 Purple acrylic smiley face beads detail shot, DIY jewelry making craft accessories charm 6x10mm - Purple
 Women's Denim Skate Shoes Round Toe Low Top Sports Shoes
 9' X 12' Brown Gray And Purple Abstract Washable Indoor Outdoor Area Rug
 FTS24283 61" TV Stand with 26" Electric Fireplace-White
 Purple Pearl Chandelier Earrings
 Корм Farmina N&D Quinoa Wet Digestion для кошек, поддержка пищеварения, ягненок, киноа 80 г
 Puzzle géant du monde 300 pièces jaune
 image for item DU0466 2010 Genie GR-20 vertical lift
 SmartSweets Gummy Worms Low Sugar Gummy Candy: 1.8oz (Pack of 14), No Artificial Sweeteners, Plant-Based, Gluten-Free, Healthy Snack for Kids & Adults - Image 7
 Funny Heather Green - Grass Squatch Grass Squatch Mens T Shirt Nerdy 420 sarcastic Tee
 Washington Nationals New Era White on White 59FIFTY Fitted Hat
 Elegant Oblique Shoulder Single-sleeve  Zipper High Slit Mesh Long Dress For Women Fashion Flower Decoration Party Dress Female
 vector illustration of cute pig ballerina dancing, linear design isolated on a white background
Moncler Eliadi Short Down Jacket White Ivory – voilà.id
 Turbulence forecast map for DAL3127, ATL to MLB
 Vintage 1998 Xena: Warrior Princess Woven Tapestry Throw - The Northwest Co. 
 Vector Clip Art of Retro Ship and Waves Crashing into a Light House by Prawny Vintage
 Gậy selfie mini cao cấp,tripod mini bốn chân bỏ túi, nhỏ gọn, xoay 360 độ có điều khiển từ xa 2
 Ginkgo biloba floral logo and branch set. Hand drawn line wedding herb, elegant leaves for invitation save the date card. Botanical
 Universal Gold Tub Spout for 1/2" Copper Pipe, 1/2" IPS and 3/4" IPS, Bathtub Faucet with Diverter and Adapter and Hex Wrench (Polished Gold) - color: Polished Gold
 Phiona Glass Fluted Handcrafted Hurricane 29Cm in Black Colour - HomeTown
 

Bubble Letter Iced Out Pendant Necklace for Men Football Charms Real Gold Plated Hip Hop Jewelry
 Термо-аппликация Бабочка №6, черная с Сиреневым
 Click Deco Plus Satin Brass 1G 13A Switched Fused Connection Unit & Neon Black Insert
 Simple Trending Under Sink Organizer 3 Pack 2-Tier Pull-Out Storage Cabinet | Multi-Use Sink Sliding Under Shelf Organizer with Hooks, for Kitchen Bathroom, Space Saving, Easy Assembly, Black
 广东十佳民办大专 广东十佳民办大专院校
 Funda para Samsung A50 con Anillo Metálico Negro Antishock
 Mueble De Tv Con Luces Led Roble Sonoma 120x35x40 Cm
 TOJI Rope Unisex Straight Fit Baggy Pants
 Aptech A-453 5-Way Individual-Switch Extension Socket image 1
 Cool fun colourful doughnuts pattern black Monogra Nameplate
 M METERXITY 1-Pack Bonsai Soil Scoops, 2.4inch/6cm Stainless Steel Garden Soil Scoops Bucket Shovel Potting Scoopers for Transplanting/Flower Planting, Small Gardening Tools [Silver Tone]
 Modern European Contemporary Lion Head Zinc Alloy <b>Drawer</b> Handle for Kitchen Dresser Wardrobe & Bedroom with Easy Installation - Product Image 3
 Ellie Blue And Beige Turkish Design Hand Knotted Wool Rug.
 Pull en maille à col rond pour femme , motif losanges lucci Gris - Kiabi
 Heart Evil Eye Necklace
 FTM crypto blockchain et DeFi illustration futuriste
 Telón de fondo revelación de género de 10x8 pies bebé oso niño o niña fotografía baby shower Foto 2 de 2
------------------------
**Your assignment:** Scan the material above for lines holding the string "Necklace" and copy those lines.

**Result of the task:**
Bubble Letter Iced Out Pendant Necklace for Men Football Charms Real Gold Plated Hip Hop Jewelry
 Heart Evil Eye Necklace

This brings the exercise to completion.